Which report to use?

Which report is most useful depends on what you are trying to learn about your application.

• If you simply wish to see how much memory is being used, the "usage summary" and "heap history" reports.
  
• If you wish to optimize your memory allocation strategy, perhaps by building your own allocator for blocks of certain sizes, the "block frequency" graph is appropriate.
  
• To study the heap fragmentation caused by your algorithm, and understand the way that memory blocks are laid out, you should use the "heap layout" graph.
  
• To see correlations between block id, block size, and stack traces in your program, use the query option.
  

Block Color in Inuse

An important visual aid in Inuse is its use of colors to represent the various properties of the heap. These colors are as follows

Inuse Reports

This section will describe each Inuse report option in detail.

The "Heap History" report

Clicking on the Hist button or selecting Heap History from the Reports menu brings up the Heap History window. If your program is running when you open this reports, you will be able to monitor the amount of memory allocated by the program as it executes. If the program has ended its run, you can see how much memory was allocated across the history of the run.

Figure 3. The Heap History window

The black area indicates the total size of the heap. The red, yellow, and blue areas constitute the make-up of the heap. The red area represents the amount of memory allocated by the program. The yellow area represents the amount of "overhead" associated with the memory (but which cannot be used by the application). The blue area represents the amount of leaked memory.

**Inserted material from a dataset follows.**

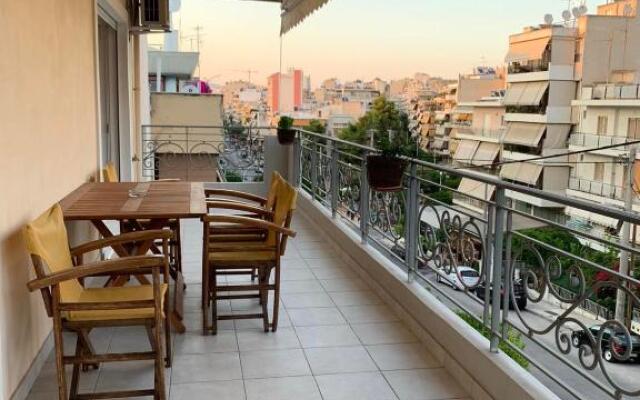 New luxury apartment in central suburb of Athens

To change the sampling rate, that is, how much time passes before the graph is updated, press the Sampl button or select Sampling from the Options menu.

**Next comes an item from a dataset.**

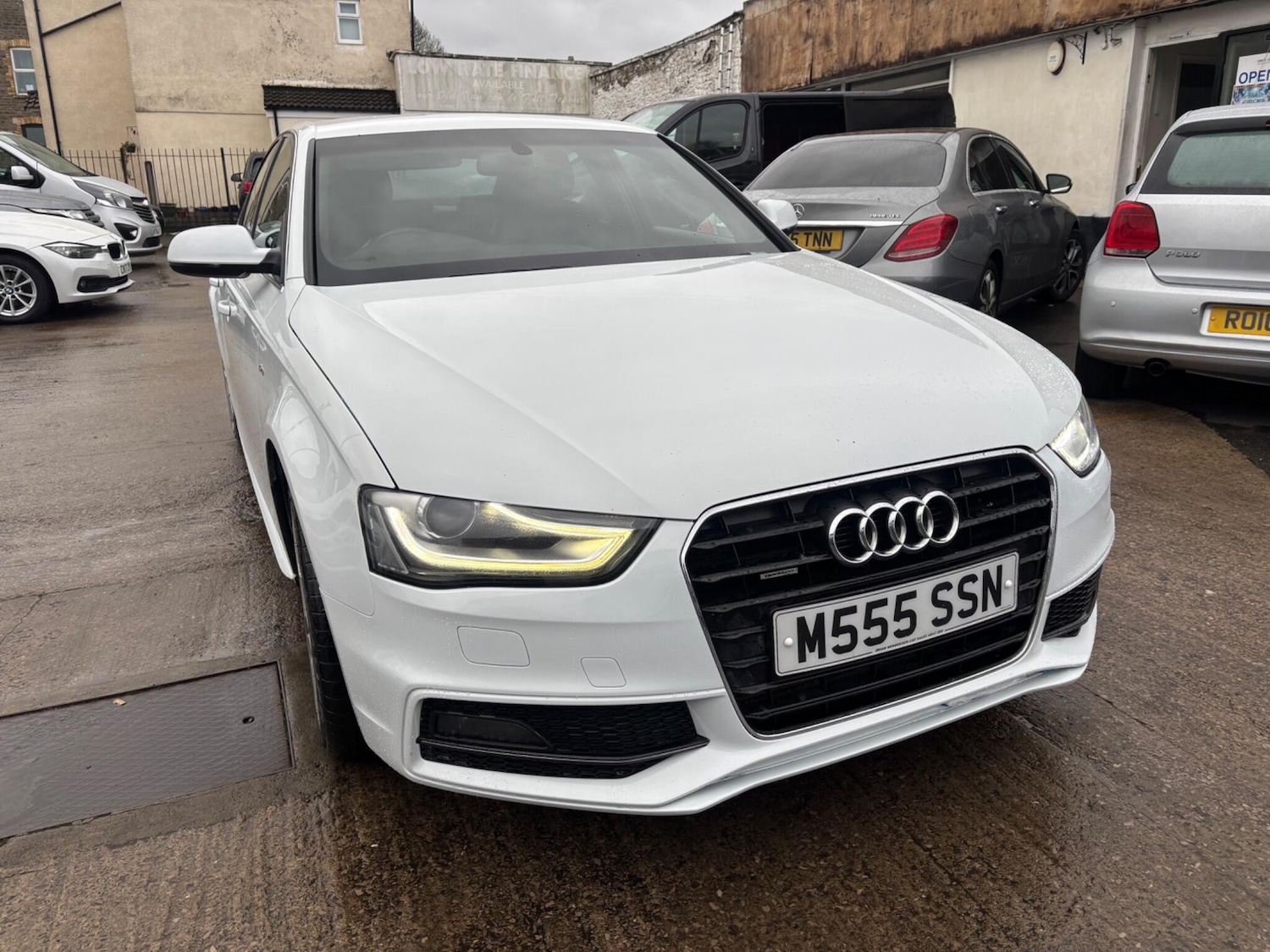 Used Audi A4 2014 for sale - 77511065: Photo 4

The "Block Frequency" report

The "block frequency" report will show you what sizes of blocks are typically being allocated by your program. If you are allocating many small blocks, you may want to switch to a different memory allocation scheme which groups many small allocations into several larger ones. A "block frequency" graph might look like the one in Figure 4.

Figure 4. A "Block Frequency" graph

The Block Frequency graph groups together blocks that are similarly sized. Each bin (column) in the graph represents the number of blocks in a particular size range. Clicking on a bin will show you the number and size range of blocks contained in that bin.

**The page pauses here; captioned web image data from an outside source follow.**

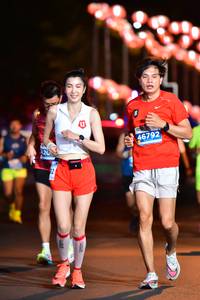 BIB: 4092
                            <button type="button" onclick="openModal(13728140)" class="btn btn-primary btn-sm float-right btn-popup" data-toggle="modal" data-target=".modal-high-quality">
                        <i class="fas fa-shopping-cart"></i> Add to Cart
                    </button>
                                            <button type="button" onclick="isThisMe(13728140, true)" class="btn btn-success btn-sm float-right btn-popup btn-isme hidden" data-toggle="tooltip" data-placement="bottom" title="นี่คือรูปของคุณใช่ไหม คลิกที่นี่เพื่อเอาเข้าอัลบั้ม">
                        <i class="fas fa-plus"></i> Add to album
                    </button>
                    <button type="button" onclick="isThisMe(13728140, false)" class="btn btn-warning btn-sm float-right btn-popup btn-isnotme hidden">
                        <i class="fas fa-ban"></i> Remove from album
                    </button>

The right-most bin includes all blocks above a certain size. If this bin is very high, click to see the size range covered by that bin. If the range is fairly wide, you can rescale the graph to include more bins by pressing the Bins button or selecting Bins from the Options menu. Entering a number higher than the number currently shown should narrow the size range for each bin. Likewise, entering a number that is lower than the number currently shown should increase the size range included in each bin. If all block sizes are currently represented on the graph, increasing the bin number will have no effect.

You can alternate between a linear or logarithmic scale by pressing the Yscale buttons. Pressing the Xscale button will toggle the x-axis between linear and logarithmic scales. Pressing the Yscale button will toggle the y-axis between linear and logarithmic scales. Selecting Horiz.log/lin or Vert.log/lin from the Options menu will also toggle the x- or y-axis.

The "Heap Layout" report

The Heap Layout report shows the status of blocks in the program's heap. Blocks are either free, allocated, overhead, or leaked.

Figure 5. The "heap layout" report

Click on a block to see its address, size and status. This information is shown in the lower right corner of the display screen.

If the block is allocated or leaked, a Memory Information window will also appear. The memory information window contains the block's id, address, stack size, and stack trace.

Figure 6. Memory Information window

You can scan through different areas of the heap layout by pressing the Fast left (Fleft), Fast Right (Fright) and left and right buttons on the Heap Layout toolbar. You can also zoom in (+) and out (-) of the layout by pressing the zoom buttons. (These options are also available in the Controls menu).

The "Time Layout" graph

The Time Layout report shows how memory blocks are allocated across the run of the program. As each block is allocated, it is added to the end of the display. As blocks are freed, they are marked green. (See Figure 7.)

Figure 7. The "Time Layout" screen

From this display, you can watch how memory is allocated over the run of your program. As you see the patterns, in which memory blocks are allocated and freed over time, you can better optimize your program's use of memory. Memory leaks are also shown on this display.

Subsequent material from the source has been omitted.